HL7 Meeting: Use of CDA in a UK Context

HL7 Meeting: Use of CDA in a UK Context

HL7 meeting: Use of CDA in a UK context

Comfort Inn, Kensington

6 December 2005, 1pm

Long term objective: CDA convergence / interoperability with other standards.

Agenda

Requirements:

  1. The need for a ‘stepping stone’ from GP Summary (text) to ACRS.
  2. Message level semantics -> statement level
  3. Framework for sharing information, e.g. SAP/NSF
  4. Legacy/existing systems with no / limited messaging capability
  5. A path to put a CDA message into a CfH clinical statement
  6. CfH’s take on where CDA stands.

DM: hybrid approach to support text and structured data (as supported by CDA release 2) – text first; structured later.

iSOFT: in favour of text+coding. Non-coded statements in PSIS remove a barrier to CfH integration. Progression is sensible – but how does this map to emerging clinical statement?

CDA incorporates the Clinical Statement.

CDA group do not talk about CDA ‘message’. Clinical statement pattern is about achieving structural convergence. We have ways of transferring uncoded information; but CDA provides a document-based model.

Is messaging / document paradigm a semantic issue? Perhaps, but CDA assumes document management capabilities, and many systems (e.g. the majority of primary care systems) do not support this.

DM: One reason to discuss CDA is to ‘pool’ data into a document architecture – but this is compatible with the Clinical Statement; the main difference is the header

It was asserted that we don’t have a way (except bespoke / v2) of sharing all types of clinical information in v3. Most immediate use case is that CfH will not provide messages to carry all necessary information – and CDA could mitigate this.

DN: Suggested that Implementation guidance is needed, and this would be as much the case of CDA as for PoC messages (and indeed for V2/bespoke).

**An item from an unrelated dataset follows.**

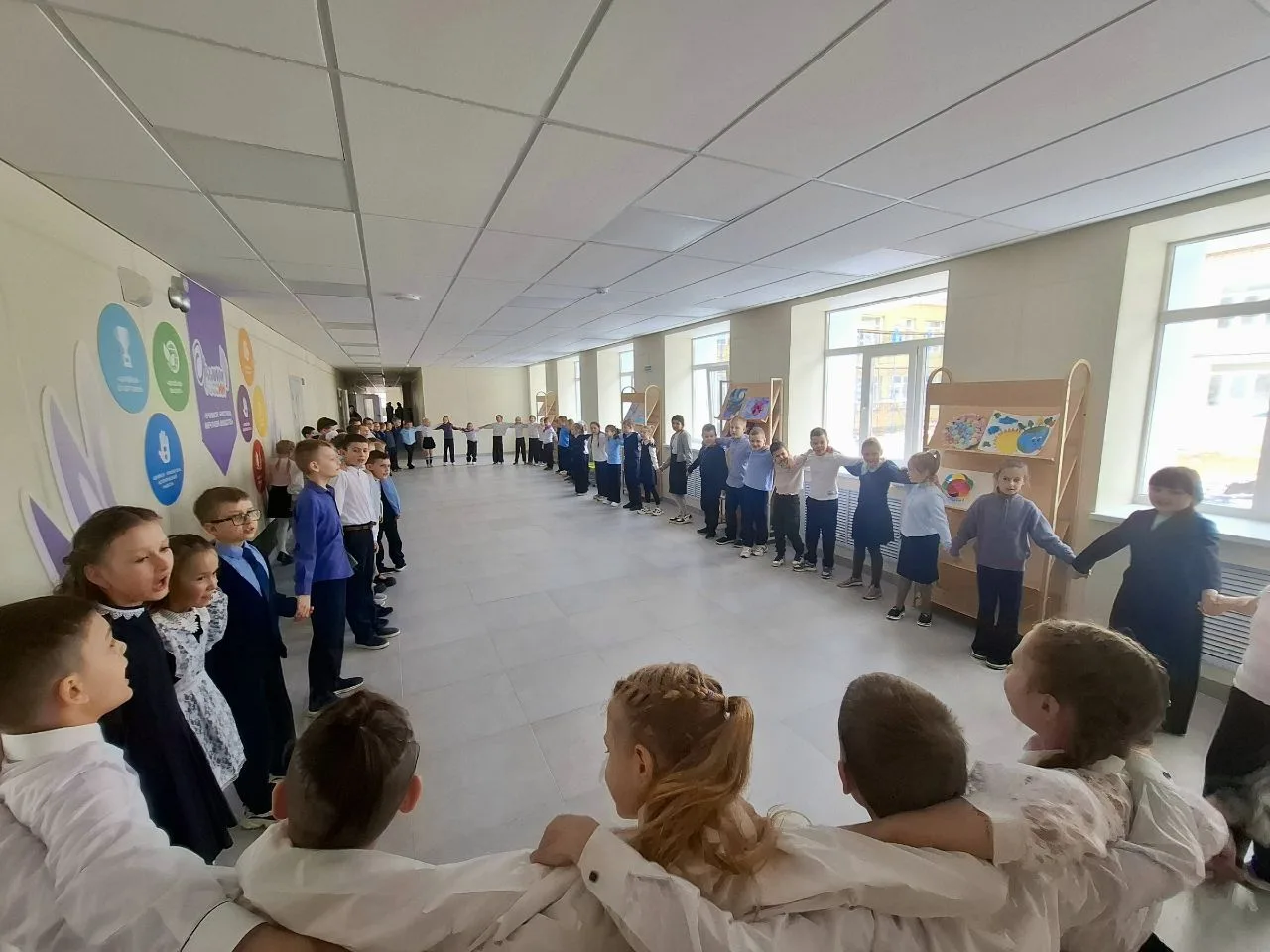 В нашей школе прошло патриотическое мероприятие «Мы – патриоты России» 🇷🇺  Мы погрузились в непросту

AP: If introducing text blocks into messages, why not use CDA? If a very generic message is required for Provision of Care,

CMcC: 2 types of use case: structured text with a migration path to clinical statement; or ‘just send text to get into a patient record’ in a v3-friendly way.

MS: CDA – text is authenticated. Clinical Statement: coding is authenticated and text should only be used to carry information that cannot be coded. DM: no – CDA is fine for communicating text, but the motivation should be clear and complement the current v3 thinking on semantics.

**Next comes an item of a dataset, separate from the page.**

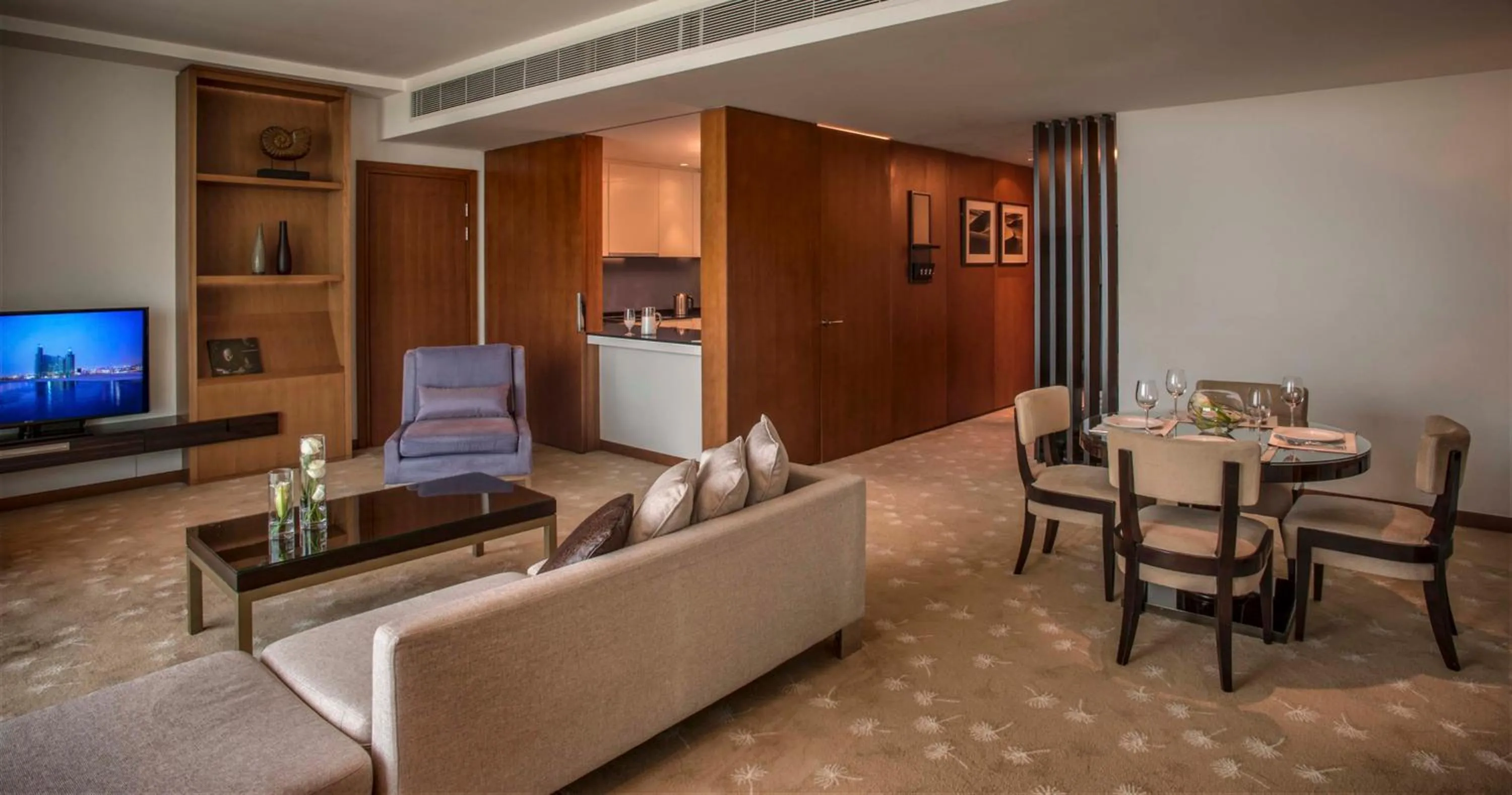 Living room in InterContinental Residence Suites Dubai Festival City by IHG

If requirement is JUST to send text, use message or CDA. Where requirement is text and coded information, this is a separate problem.

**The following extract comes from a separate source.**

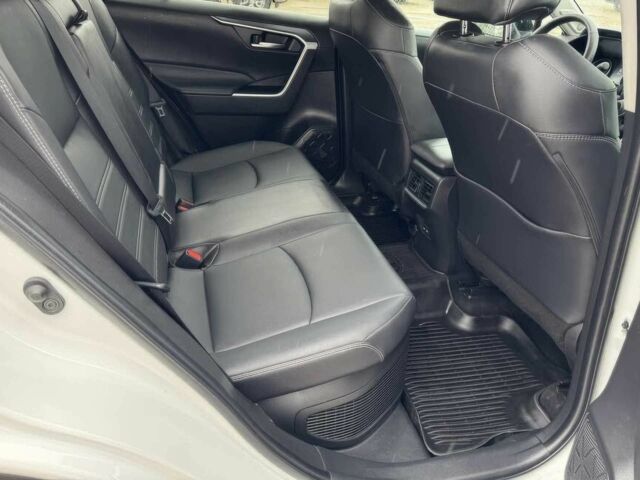 Белый Тойота РАВ 4, объемом двигателя 2.5 л и пробегом 18 тыс. км за 12500 $, фото 11 на Automoto.ua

MS: The coding shortfall creates the use case here.

DM: Getting rid of text altogether is unfeasible, but encouraging people to transfer text will undermine CfH. CDA has nothing to do with coding; the issues are:

  1. Document or message paradigm?
  2. How much of the information is coded
  3. The relationship between text and code where both are being sent

What goes into the implementation guides? What is displayed to the user before it is sent? How is the text derived? When many CDA documents about one patient, how much of the duplicate information should be displayed to the user? Document vs. message paradigm is primarily about storage and retrieval and rendering.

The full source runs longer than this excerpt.